Could you set down the lines from the first line of the entries below through the line with "a table and", exactly and with no pictures?

[Stored items]
═══

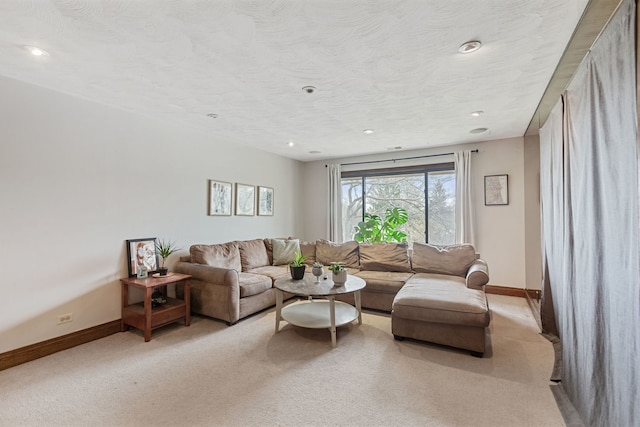 living area featuring light carpet, recessed lighting, and baseboards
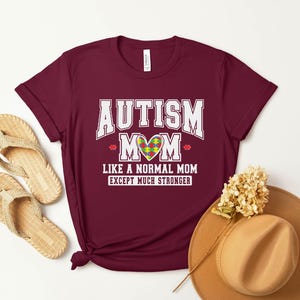 a t - shirt that says autism mom like a normal mom except much shorter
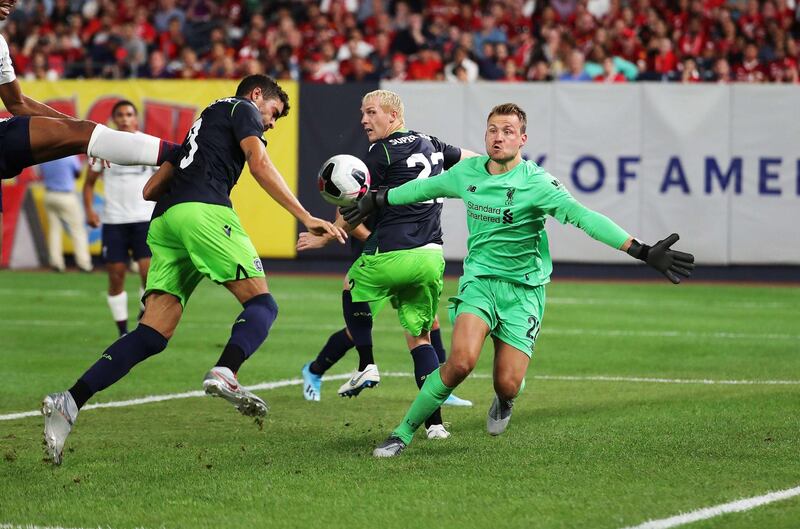 Liverpool goalkeeper Simon Mignolet makes a save. AFP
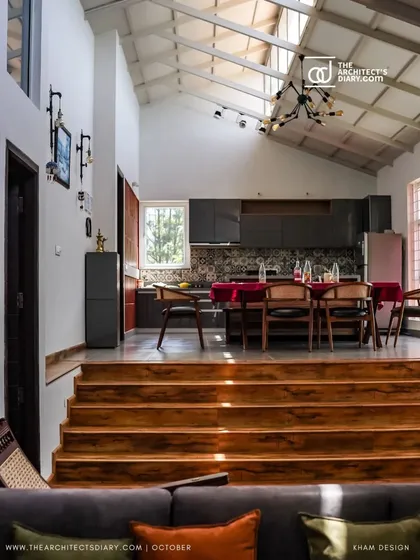 Natural light streams in from the skylights in the vaulted ceiling, illuminating the dining and kitchen area. The open-plan layout and high ceiling create a sense of spaciousness and connection to the outdoors.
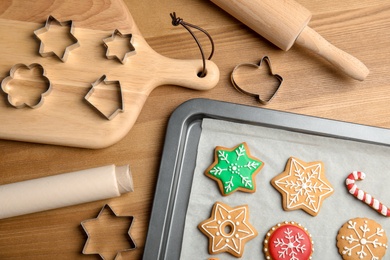 Photo of Composition with tasty colorful Christmas cookies on table, top view
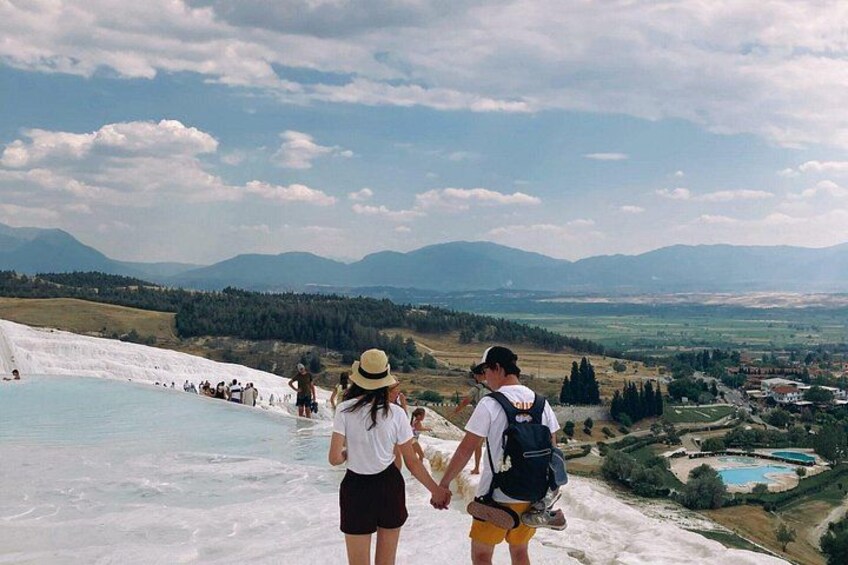 A group of people hiking near a geothermal area with a pool of water and distant mountains. 3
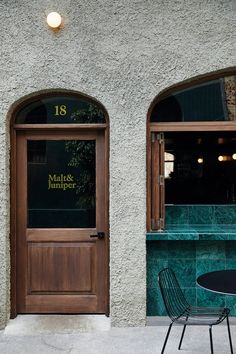 a table and chairs sitting in front of a building with two doors on each side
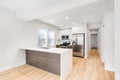 Modern white kitchen with wood floors. Royalty Free Stock Photo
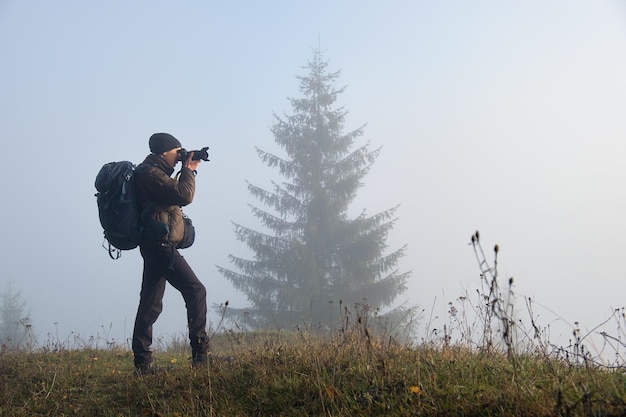 Photographer hiker taking picture of nature with digital camera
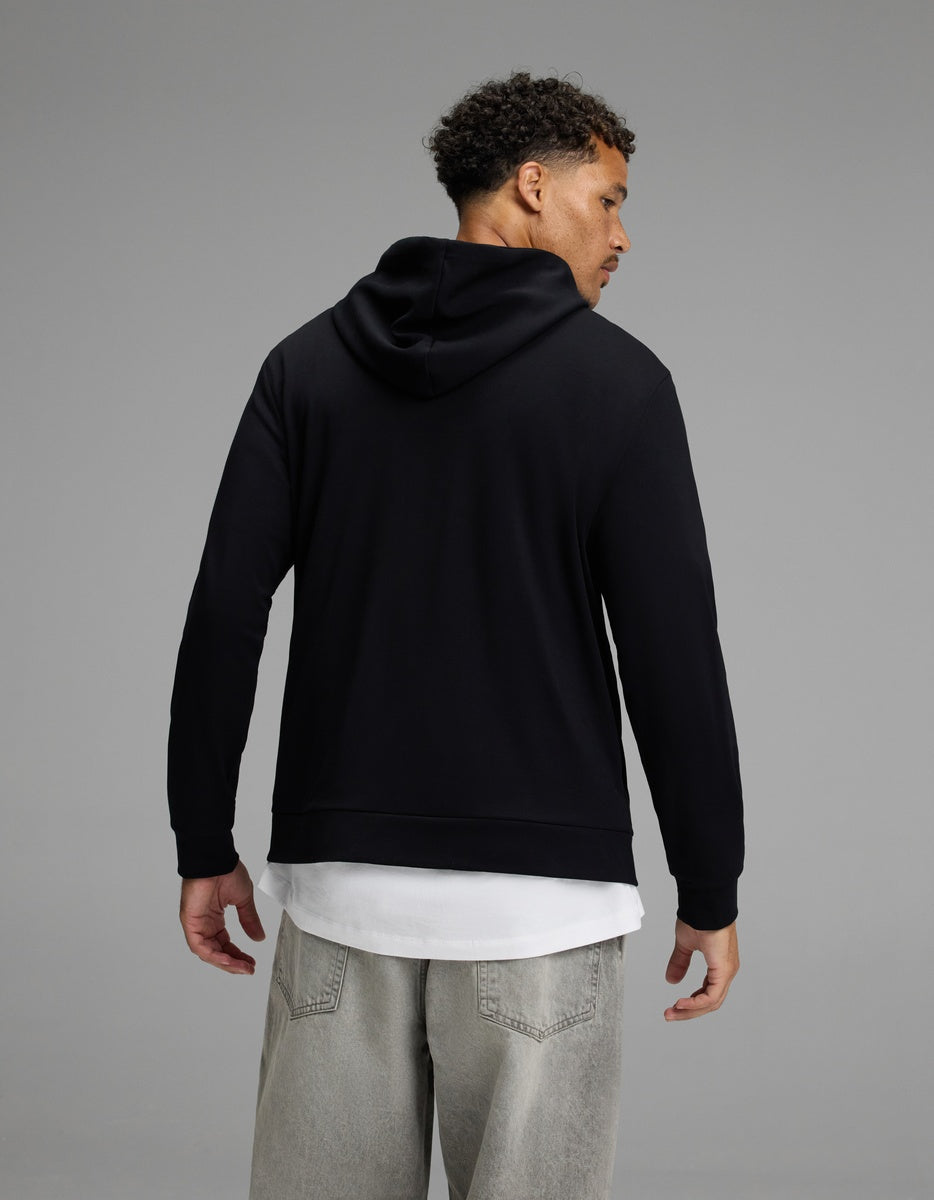 A man stands facing away, wearing the Cozy Earth Men’s Brushed Bamboo Hoodie in black over a white shirt and light gray jeans, set against a plain gray background.|Color:Black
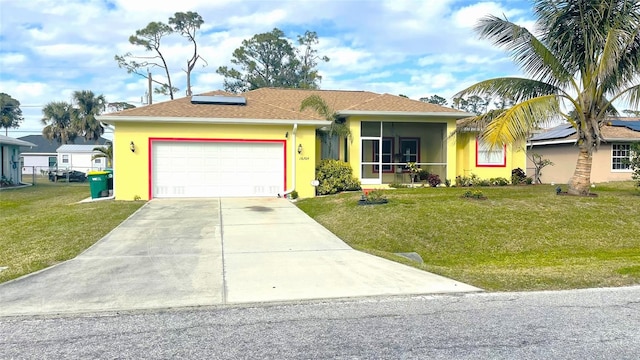 single story home with a garage, a sunroom, a front yard, and solar panels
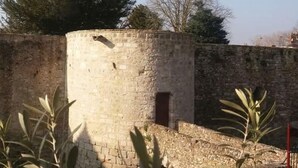 Una torre de piedra con una pequeña puerta, rodeada por un muro de piedra y árboles.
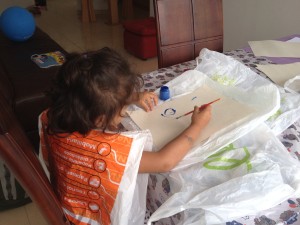 We are learning the color blue so I got out the blue paint. After a lot of set up, she on,y painted 5 min. Ugh...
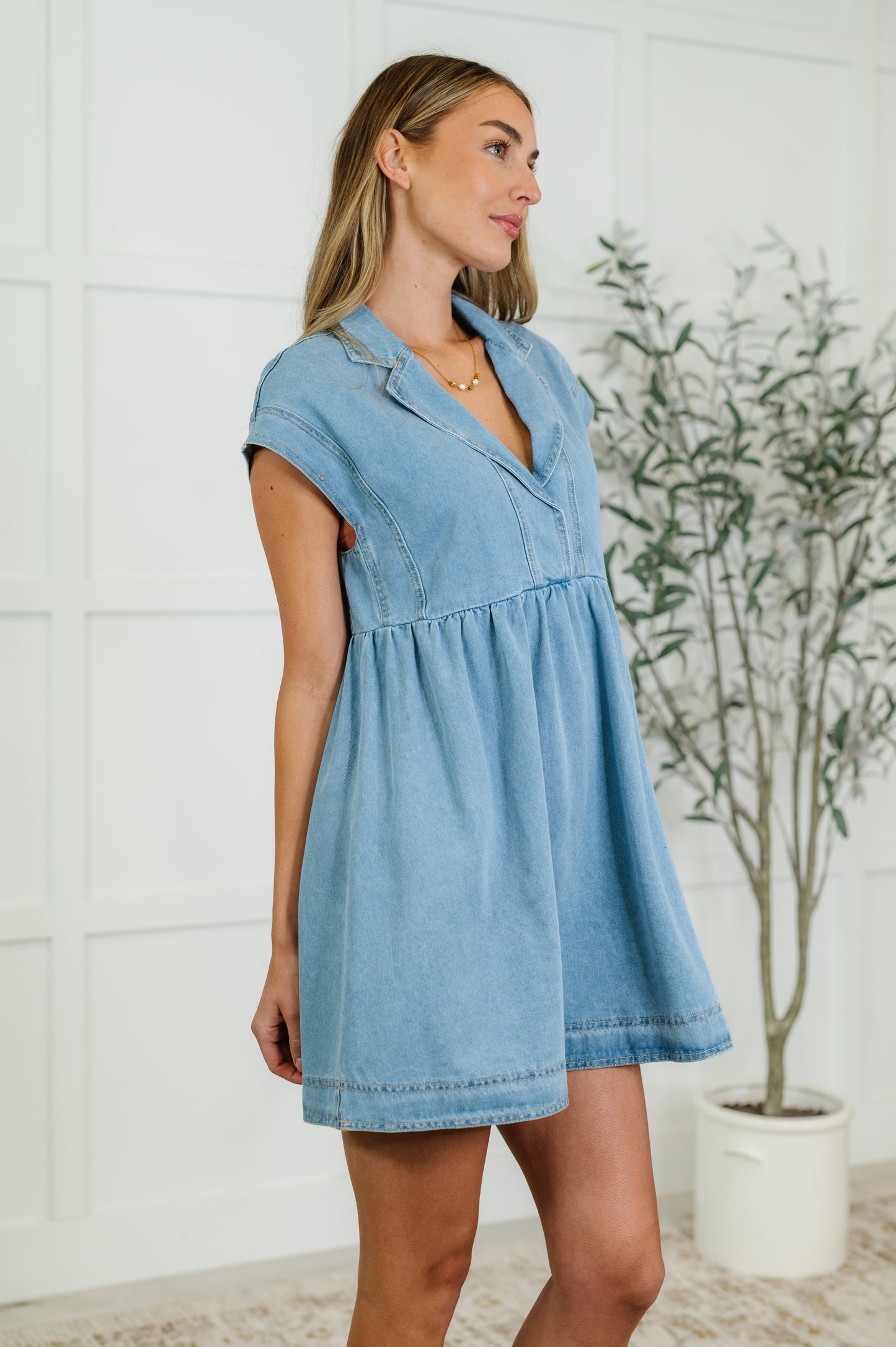 Western inspired denim dress with short sleeves and snap front – perfect for everyday wear.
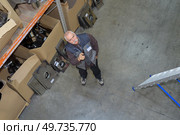 Warehouse worker looking up into racking. Стоковое фото, агентство Ingram Publishing / Фотобанк Лори
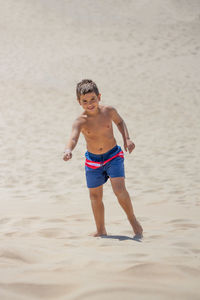 Funny kid dancing on a beach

═══

### Exercise output
 living area featuring light carpet, recessed lighting, and baseboards
 a t - shirt that says autism mom like a normal mom except much shorter
 Liverpool goalkeeper Simon Mignolet makes a save. AFP
 Natural light streams in from the skylights in the vaulted ceiling, illuminating the dining and kitchen area. The open-plan layout and high ceiling create a sense of spaciousness and connection to the outdoors.
 Photo of Composition with tasty colorful Christmas cookies on table, top view
 A group of people hiking near a geothermal area with a pool of water and distant mountains. 3
 a table and chairs sitting in front of a building with two doors on each side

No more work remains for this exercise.